Au 122 rue de Provence, dans le 8ème arrondissement se trouvait le One-Two-Two, célèbre maison close, aussi luxueuse que le Sphinx et le Chabanais. L'établissement fut ouvert en 1924 par Marcel Jamet, un Breton qui fit ses armes à Buenos Aires, où les « travailleuses » françaises étaient alors en vogue, ainsi que par sa première femme Doriane (Fernande pour l'état civil). Réservé à une clientèle fortunée, le One-Two-Two avait pour particularité de proposer des chambres à thème pour le grand frisson: le tipi indien, la chambre des glaces, la cabine de l'Orient Express avec diffusion d'un fond sonore….On pouvait aussi y venir pour le bar et le restaurant (avec serveuses nues sous leurs tabliers). Acteurs français, chanteurs, industriels, têtes couronnées, stars hollywoodiennes, tous venaient y passer des soirées durant l'entre-deux-guerres. Puis vint l'Occupation. La clientèle changea…

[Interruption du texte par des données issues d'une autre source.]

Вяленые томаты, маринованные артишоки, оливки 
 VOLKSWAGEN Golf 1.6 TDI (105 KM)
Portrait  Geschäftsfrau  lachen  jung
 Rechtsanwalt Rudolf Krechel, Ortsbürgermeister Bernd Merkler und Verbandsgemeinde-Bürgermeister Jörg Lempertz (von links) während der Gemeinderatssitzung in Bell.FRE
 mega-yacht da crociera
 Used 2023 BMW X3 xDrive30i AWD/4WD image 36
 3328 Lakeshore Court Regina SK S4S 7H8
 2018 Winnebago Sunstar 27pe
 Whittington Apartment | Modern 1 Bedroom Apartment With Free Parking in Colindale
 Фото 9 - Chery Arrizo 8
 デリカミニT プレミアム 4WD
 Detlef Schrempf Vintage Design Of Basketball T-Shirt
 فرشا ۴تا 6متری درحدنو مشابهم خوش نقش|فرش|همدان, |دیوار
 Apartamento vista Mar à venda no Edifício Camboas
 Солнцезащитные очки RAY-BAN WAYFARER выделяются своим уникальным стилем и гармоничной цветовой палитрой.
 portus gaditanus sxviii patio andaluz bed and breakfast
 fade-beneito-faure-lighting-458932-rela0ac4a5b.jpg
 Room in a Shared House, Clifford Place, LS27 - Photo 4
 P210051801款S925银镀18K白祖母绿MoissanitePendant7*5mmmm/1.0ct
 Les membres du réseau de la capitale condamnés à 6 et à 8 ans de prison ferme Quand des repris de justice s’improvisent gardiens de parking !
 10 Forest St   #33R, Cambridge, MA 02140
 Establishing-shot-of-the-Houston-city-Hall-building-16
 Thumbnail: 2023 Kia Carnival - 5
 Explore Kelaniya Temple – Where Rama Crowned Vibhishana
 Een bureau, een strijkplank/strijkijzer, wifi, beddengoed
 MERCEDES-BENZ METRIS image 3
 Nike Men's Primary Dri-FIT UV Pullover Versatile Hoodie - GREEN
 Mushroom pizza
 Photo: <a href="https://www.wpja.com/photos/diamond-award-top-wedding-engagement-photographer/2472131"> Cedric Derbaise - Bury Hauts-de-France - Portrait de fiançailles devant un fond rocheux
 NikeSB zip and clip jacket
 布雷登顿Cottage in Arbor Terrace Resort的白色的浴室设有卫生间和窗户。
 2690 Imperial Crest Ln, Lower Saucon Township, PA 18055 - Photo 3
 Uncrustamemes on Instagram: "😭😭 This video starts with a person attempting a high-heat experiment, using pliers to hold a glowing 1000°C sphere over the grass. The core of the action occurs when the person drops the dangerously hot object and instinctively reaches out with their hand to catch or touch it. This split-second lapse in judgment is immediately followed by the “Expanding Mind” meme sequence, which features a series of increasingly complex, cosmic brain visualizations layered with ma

L'histoire de la « Maison » nous est narrée par un témoin clé, Fabienne (Georgette pour l'état civil), une jeune femme dont les parents tenaient un hôtel et qui choisit la prostitution. Aimant l'argent et le luxe, Fabienne devint l'une des pensionnaires du 122, puis la gouvernante, et enfin la taulière en convolant en justes noces avec Marcel.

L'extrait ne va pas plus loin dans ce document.